吉岡 福田さんは本当面白くて。オーディションから面白かったんですけど、もうその場で「君にしたから」って言ってくれて。えっ? みたいな。

―― あはは。

吉岡 本当に無名だった私を選んでくださったんですけど、「お前はとにかく中途半端にブスだし、中途半端な年齢だし、色々中途半端だから、死ぬ気で芝居しろ」「それでしかもう目に止まんない」って言われて(笑)。「普通じゃだめ。人より何倍も何倍も努力する。人より何倍も何倍も恥をかき捨てることが必要だね」って、初日に言われたんですよ。それで、あぁ自分って何においても中途半端なんだって。その時に教えられたおかげで、振り切って毎回挑むっていうのをずっと変わらず徹底するようにしています。まぁ思い返してもキツい言葉でしたけどね、中途半端中途半端って(笑)。

初主演ドラマ『きみが心に棲みついた』の1シーン TBS系で1月16日スタート

―― 実際に女優になられた後、影響を受けた俳優さんはいらっしゃいますか?

吉岡 満島ひかりさんとは『カルテット』でご一緒しましたが、なんか本当に、肌で感じる空気がすごくて。役に没頭されてる感じで、その役そのものでそこに存在してらっしゃる感じでした。『カルテット』で私はすごく“悪役”をやったんですけど、満島さんの存在のおかげで、私は自然と悪人になれる感じがしました。満島さんの私に対しての怯え方だったり、目線のありかたによって、こちらも役に追い込んでいけるような思いを持ちました。

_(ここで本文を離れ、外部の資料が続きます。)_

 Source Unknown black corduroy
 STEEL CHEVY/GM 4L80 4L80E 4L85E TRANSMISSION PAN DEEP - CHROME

―― 『カルテット』も『ゆとりですがなにか』でもそうですけど、意地悪な人の役が多かったじゃないですか。自分のイメージと近いですか。

吉岡 いやいや、全然違います!(笑)。理解に苦しむ役どころですよ。やっぱりああいう、意地が悪い人をやる時は、相当台本を読んで、なぜそうなったのかを突き止めないと、素直にお芝居できないです。